--- Problem to work on ---
Extract every line between the one with "Logo Artist Pallet" and the end of the entries, both included, word for word and free of pictures.

[[ Record set open ]]

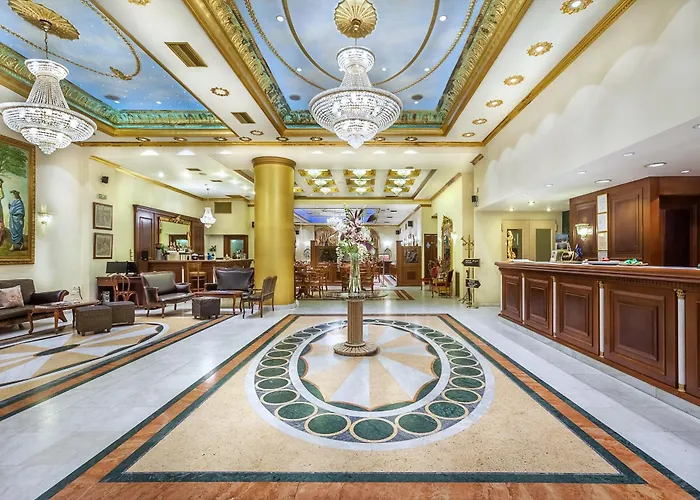 Imperial Palace Classical Otel Selanik
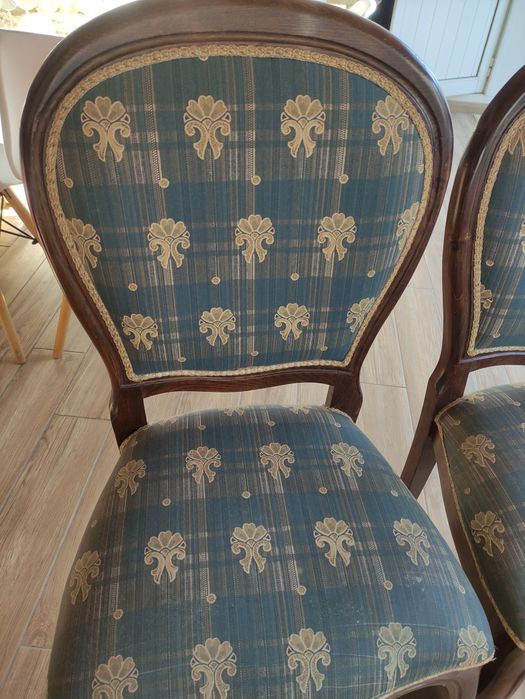 Cadeiras de quarto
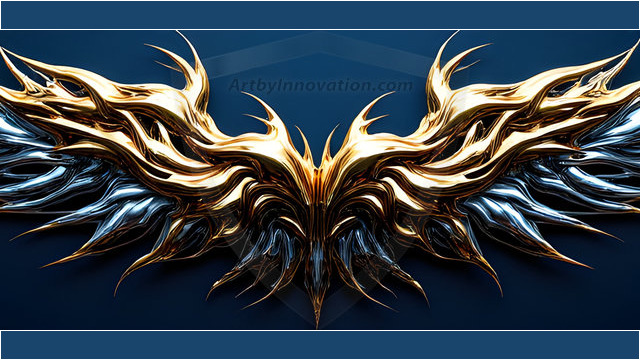 Logo Artist Pallet Winged Design: Amazing Digital Graphics Art Collection.
Company Logo Designs, logo designs without text, ready for creating your brand identity and logo for your business or project. Exactly what your company needs to get started. Part of the Amazing Digital Graphics Art Collection.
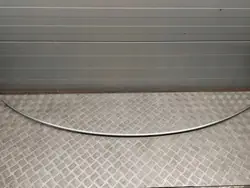 Barra de tejadilho esquerda OEM A2186901139 Mercedes CLS W218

[[ Record set closed ]]

--- Answer for the task ---
 Logo Artist Pallet Winged Design: Amazing Digital Graphics Art Collection.
Company Logo Designs, logo designs without text, ready for creating your brand identity and logo for your business or project. Exactly what your company needs to get started. Part of the Amazing Digital Graphics Art Collection.
 Barra de tejadilho esquerda OEM A2186901139 Mercedes CLS W218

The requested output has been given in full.